The Court then examined whether the restriction can be justified by overriding reasons in the public interest. The Court considered and rejected possible justifications based on the need to ensure a balanced allocation of taxing rights, the need to safeguard the coherence of the German tax system, and the need to ensure the effectiveness of fiscal supervision.
This clause allows a derogation from the prohibition on all restrictions existing on December 31, 1993 to the free movement of capital between Member States and third countries, where such capital movements involve direct investment, establishment, the provision of financial services or the admission of securities to capital markets. In the case at hand, the ECJ ruled that since the fund held interests of less than 1% in the German companies, it held a portfolio investment rather than a direct investment and portfolio investments do not fall within the scope of the standstill clause.
On 10 October 2019, the European Commission reviewed the list of countries classified as tax heavens and removed Switzerland from the grey list after deciding that the country had delivered its commitments to make its tax rules compliant with EU standards.

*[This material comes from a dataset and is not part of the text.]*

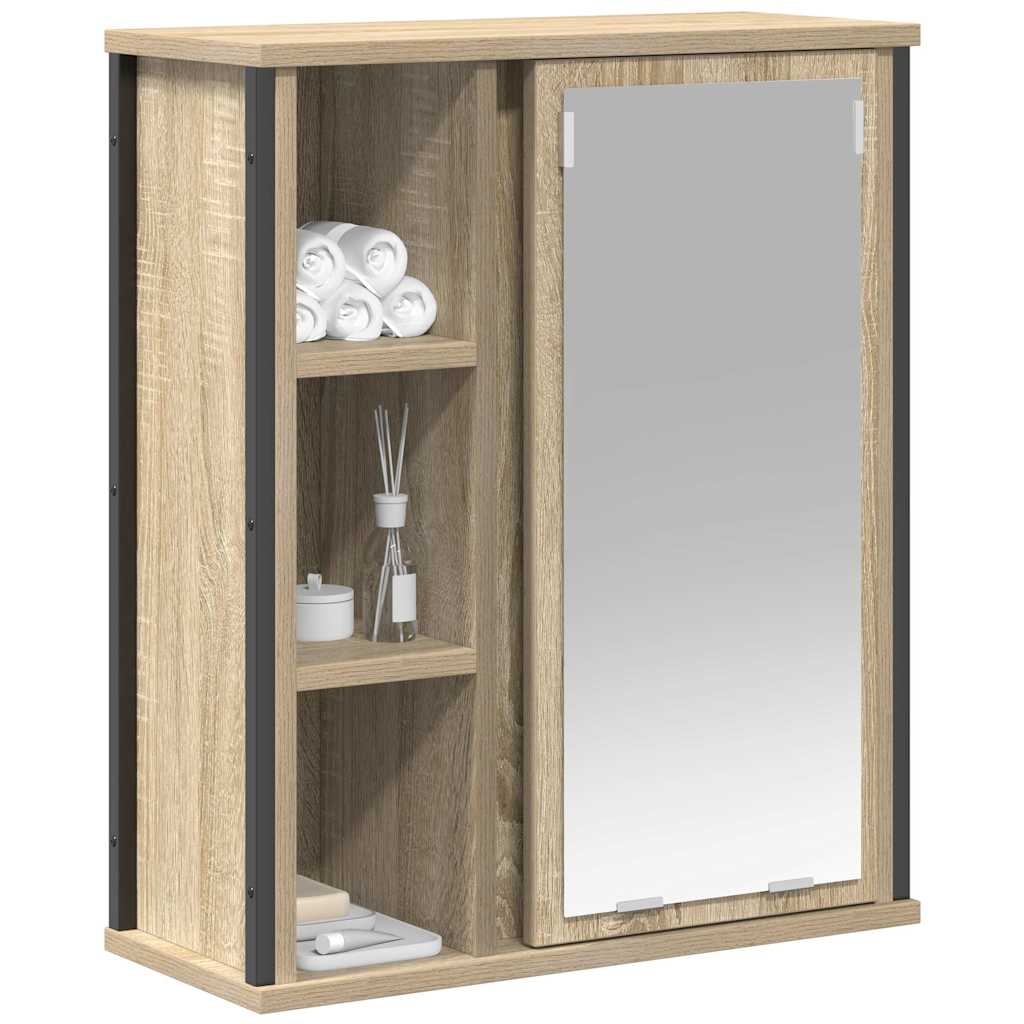 Baderomsskap med speil sonoma eik 50x21x60 cm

In order to avoid foreign investors leaving Switzerland, it is very likely that cantons will replace some tax privileges with other forms of incentive measures, such lower standard company tax rates.
Additionally, the EU removed the Indian Ocean island of Mauritius, Albania, Costa Rica and Serbia from its grey list, leaving 32 grey-listed jurisdictions. Jurisdictions remaining on this list include Australia, Thailand, Turkey and Morocco.
Nine jurisdictions remain blacklisted: Belize, Fiji, Oman, Samoa, Trinidad and Tobago, Vanuatu and the three US territories of American Samoa, US Virgin Islands and Guam.
France and Luxembourg signed a Double Tax Treaty (“DTT”) in March 2018 for the avoidance of double taxation and the prevention of tax evasion and fraud. The DTT will apply as from 1 January 2020.
One of the most significant features of the DTT is the use by France of the credit method to eliminate double taxation on employment income of cross-border workers. For a French tax resident the use of the credit method means that, as a first step, France calculates French income tax on the Luxembourg-source employment income and, as a second step, it would grant a credit for any Luxembourg tax paid on the same income against French tax.
On October 10, 2019, the Minister of Finance, Pierre Gramegna, and the French Minister of the Economy and Finance, Bruno Le Maire, signed in Luxembourg, an protocol to amend the DTT.
Pursuant to protocol, France would be returning to the previously applied method of avoidance of double taxation on employment income, which is the exemption method. This means that cross-border workers will not be liable to pay taxes on their Luxembourg-source employment income in France.